*DATA SECTION:*
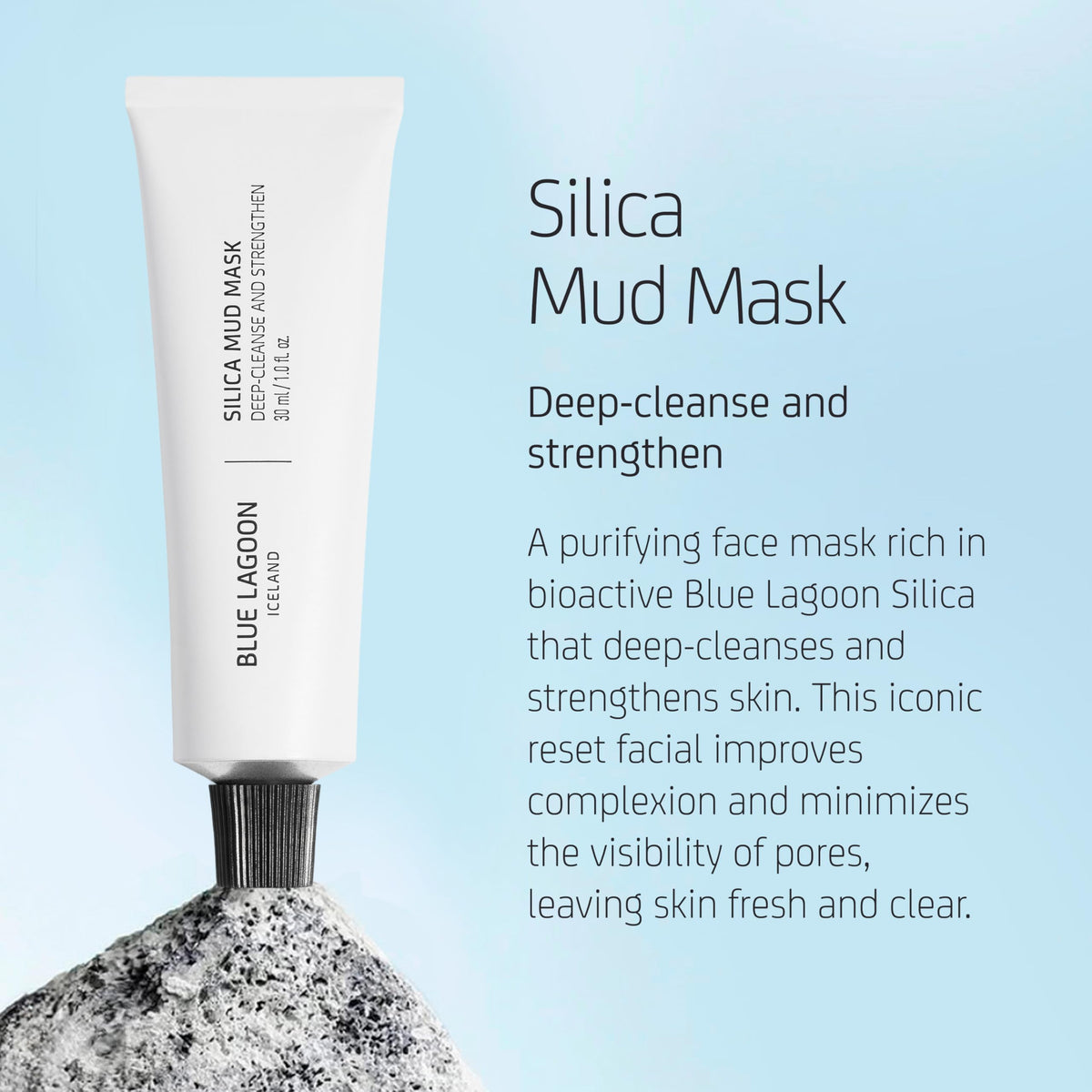 Model applying Blue Lagoon mask to face demonstrating easy at-home spa use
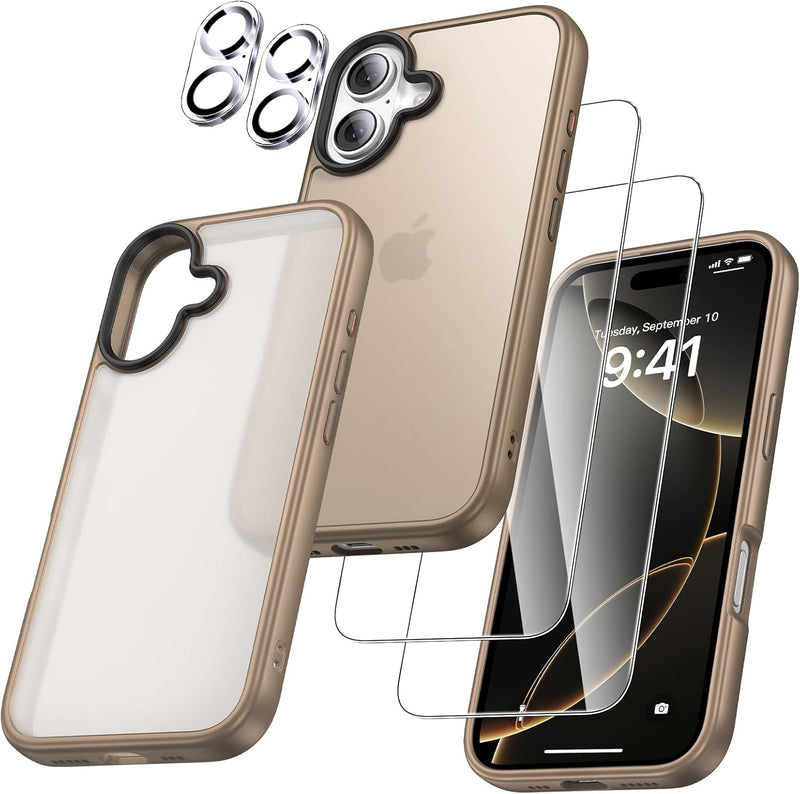 UniqueMe für iPhone 16 Hülle, 5-in-1-Set Handyhülle für iPhone 16 Case Rundumschutz Schutzhülle Cove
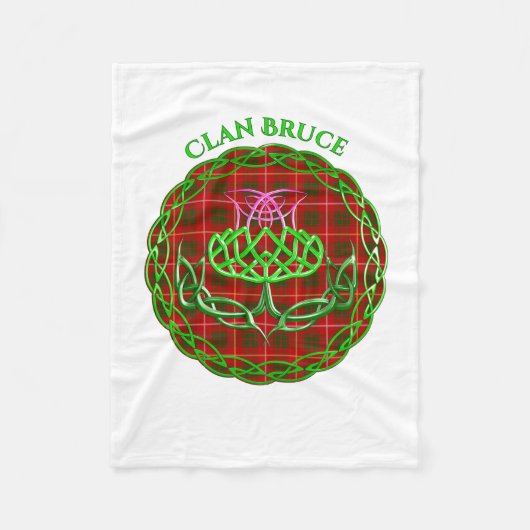 Bruce Scottish Tartan Celtic Thistle Fleecedecke (Vorderseite)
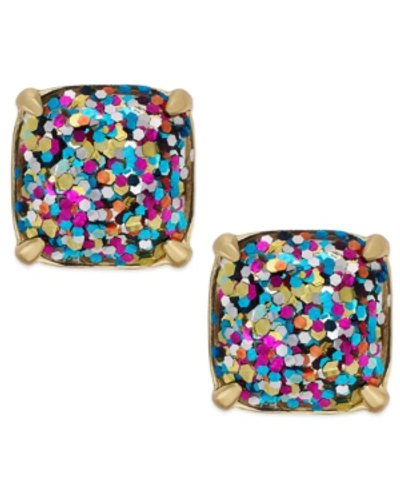 Kate Spade Glitter Crystal Square Stud Earrings In Multicolor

*PROBLEM:* Lines from the one that contains "Bruce Scottish Tartan" through the last line of the data above are to be extracted exactly, with no pictures and no other lines.

*ANSWER SECTION:*
 Bruce Scottish Tartan Celtic Thistle Fleecedecke (Vorderseite)
 Kate Spade Glitter Crystal Square Stud Earrings In Multicolor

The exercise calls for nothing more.